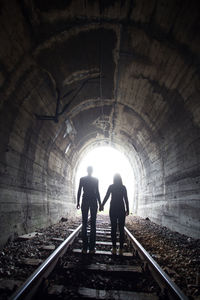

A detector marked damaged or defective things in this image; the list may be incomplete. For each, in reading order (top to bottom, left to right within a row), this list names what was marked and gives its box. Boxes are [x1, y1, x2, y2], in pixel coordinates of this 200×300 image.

rusty rail [9, 224, 82, 298]
rusty rail [124, 227, 188, 300]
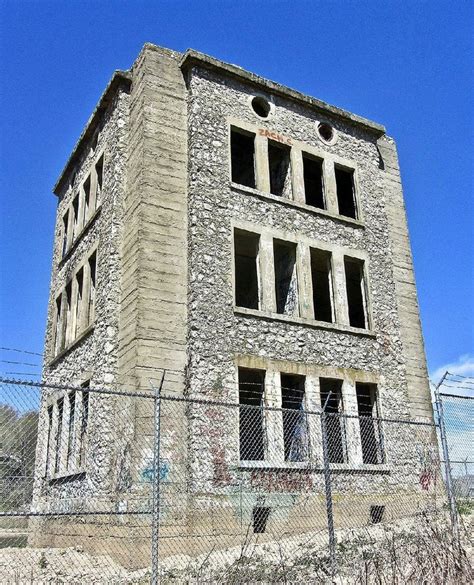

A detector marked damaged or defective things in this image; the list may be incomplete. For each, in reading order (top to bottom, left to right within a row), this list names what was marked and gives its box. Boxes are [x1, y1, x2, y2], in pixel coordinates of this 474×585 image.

broken window [231, 128, 256, 187]
broken window [268, 140, 290, 197]
broken window [304, 153, 326, 210]
broken window [336, 165, 358, 218]
broken window [235, 229, 262, 310]
broken window [272, 240, 298, 318]
broken window [312, 249, 334, 324]
broken window [344, 256, 370, 328]
broken window [239, 368, 264, 458]
broken window [282, 374, 308, 460]
broken window [320, 376, 346, 464]
broken window [356, 384, 382, 466]
broken window [252, 506, 270, 532]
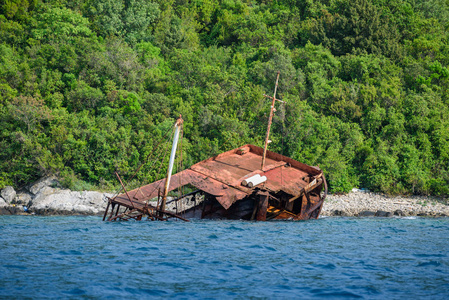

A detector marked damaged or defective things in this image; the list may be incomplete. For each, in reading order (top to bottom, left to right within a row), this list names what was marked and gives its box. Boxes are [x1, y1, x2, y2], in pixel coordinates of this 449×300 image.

rusted iron frame [114, 172, 135, 210]
rusty shipwreck [103, 74, 328, 221]
rusted iron frame [260, 71, 280, 171]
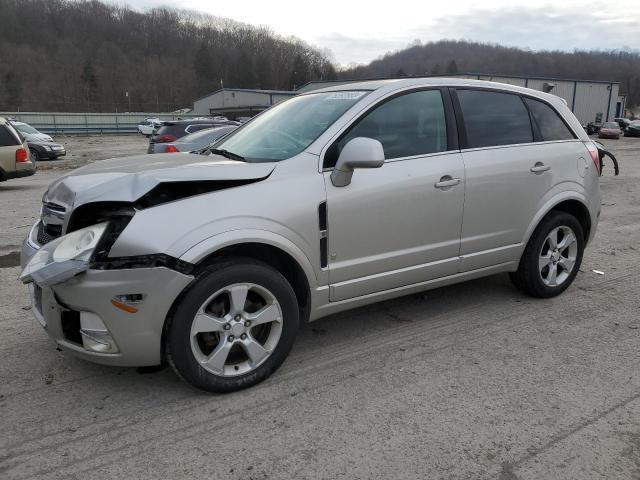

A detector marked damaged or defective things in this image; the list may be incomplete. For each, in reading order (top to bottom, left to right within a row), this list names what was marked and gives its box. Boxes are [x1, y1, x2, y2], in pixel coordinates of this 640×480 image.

crumpled hood [45, 152, 276, 208]
broken headlight [20, 224, 109, 286]
damaged silver suv [20, 79, 600, 392]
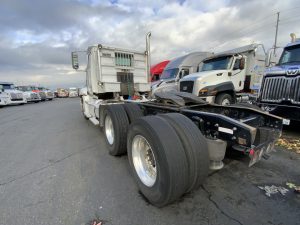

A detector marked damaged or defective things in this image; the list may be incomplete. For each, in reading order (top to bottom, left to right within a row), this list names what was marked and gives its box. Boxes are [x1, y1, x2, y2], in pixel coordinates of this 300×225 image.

cracked asphalt [0, 99, 298, 225]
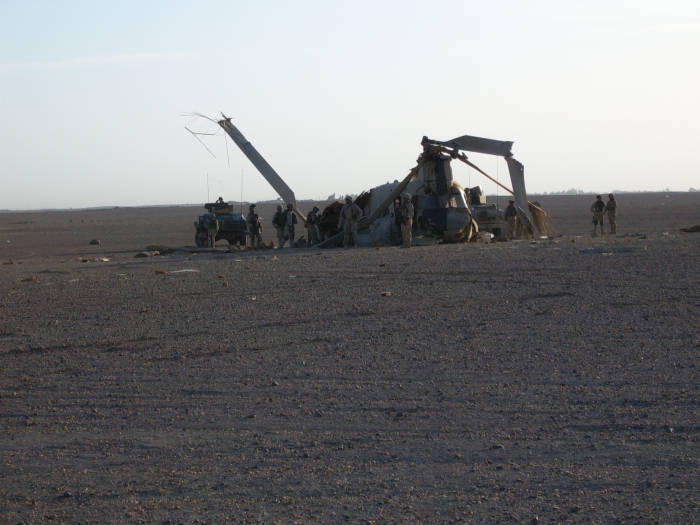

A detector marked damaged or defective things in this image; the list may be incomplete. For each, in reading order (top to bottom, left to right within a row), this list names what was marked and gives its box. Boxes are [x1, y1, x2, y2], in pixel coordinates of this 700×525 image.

crashed helicopter [187, 112, 548, 246]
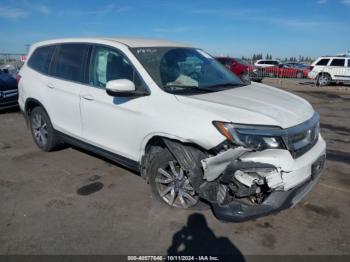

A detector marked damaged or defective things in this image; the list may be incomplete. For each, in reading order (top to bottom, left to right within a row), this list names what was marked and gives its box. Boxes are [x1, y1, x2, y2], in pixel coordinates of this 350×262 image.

crumpled hood [175, 81, 314, 127]
broken headlight [213, 121, 284, 149]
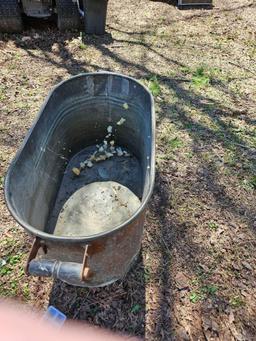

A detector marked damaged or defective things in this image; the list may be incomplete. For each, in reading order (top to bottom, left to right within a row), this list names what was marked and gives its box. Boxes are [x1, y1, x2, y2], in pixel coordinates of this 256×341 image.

rusty metal bracket [25, 236, 47, 274]
rusty metal handle [26, 236, 91, 282]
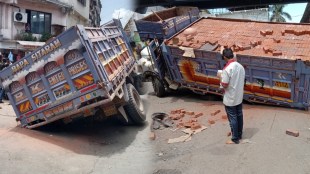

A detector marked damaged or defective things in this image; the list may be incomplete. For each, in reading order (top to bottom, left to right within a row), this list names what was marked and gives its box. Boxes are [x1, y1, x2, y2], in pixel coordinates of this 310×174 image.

overturned truck [0, 19, 145, 128]
overturned truck [141, 17, 310, 110]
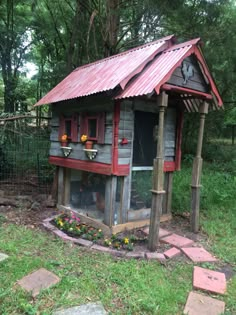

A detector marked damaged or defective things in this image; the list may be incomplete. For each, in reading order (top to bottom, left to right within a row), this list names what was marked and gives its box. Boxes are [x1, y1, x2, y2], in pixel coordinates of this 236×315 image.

rusty metal roofing panel [35, 34, 175, 106]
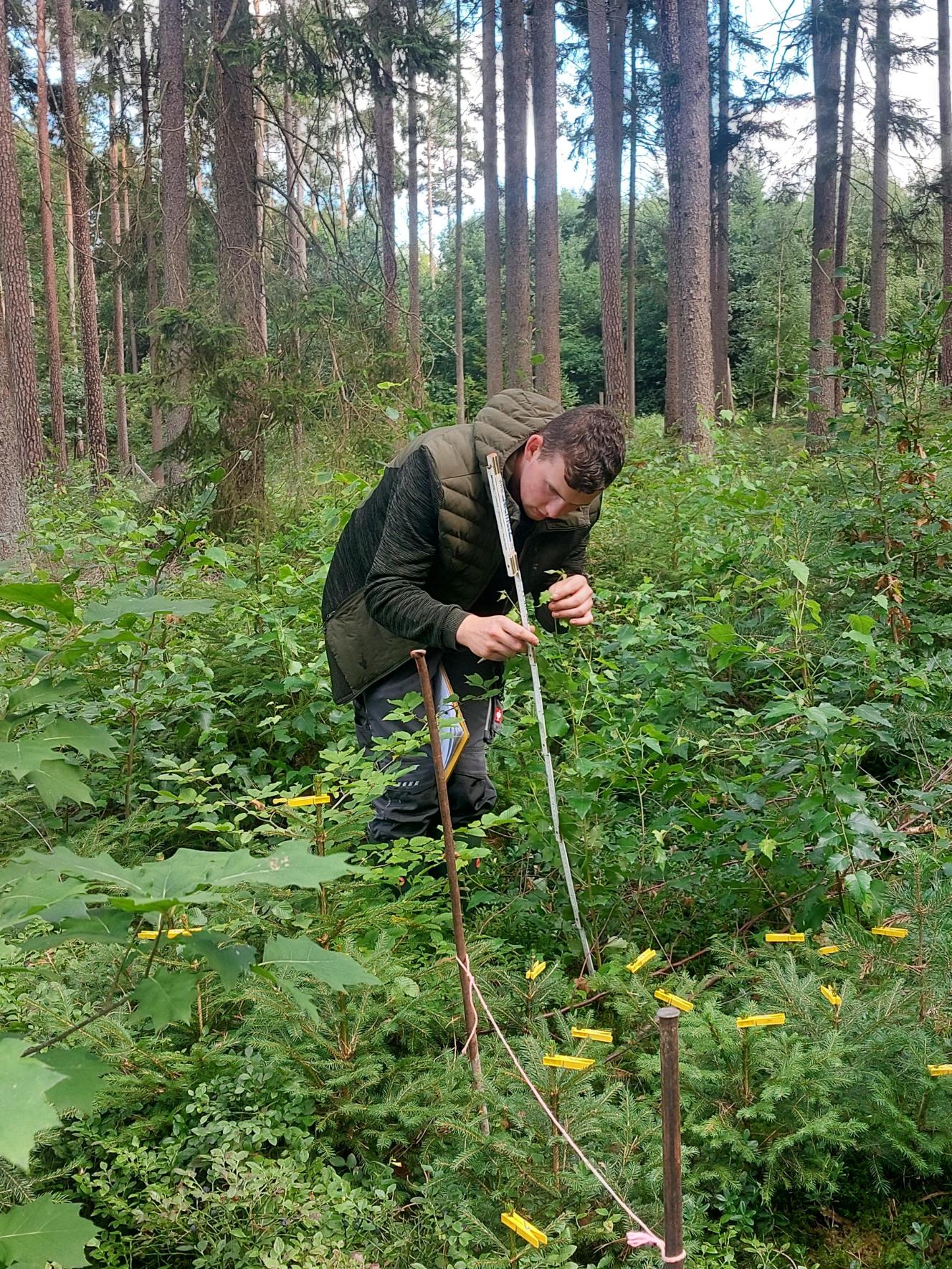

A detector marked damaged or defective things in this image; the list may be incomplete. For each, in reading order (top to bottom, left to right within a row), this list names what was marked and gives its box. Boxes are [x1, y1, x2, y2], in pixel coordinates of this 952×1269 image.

- - -

• **WHAT YOU ARE ASKED TO DO**
Start at the line that contains "this 236×315 image." and retype every line through the end of the entries above, both ends included. Exclude all pictures.

• **ANSWER SPACE**
A detector marked damaged or defective things in this image; the list may be incomplete. For each, in reading order (top to bottom, left to right within a row), this list names what was marked and gives its box. Boxes are [x1, y1, x2, y2], in pixel coordinates of this 236×315 image.

rusty metal roofing panel [35, 34, 175, 106]

A detector marked damaged or defective things in this image; the list may be incomplete. For each, in reading order (top to bottom, left to right within a row), this list names what was marked and gives its box. Boxes are [x1, y1, x2, y2], in pixel coordinates of this 952×1269 image.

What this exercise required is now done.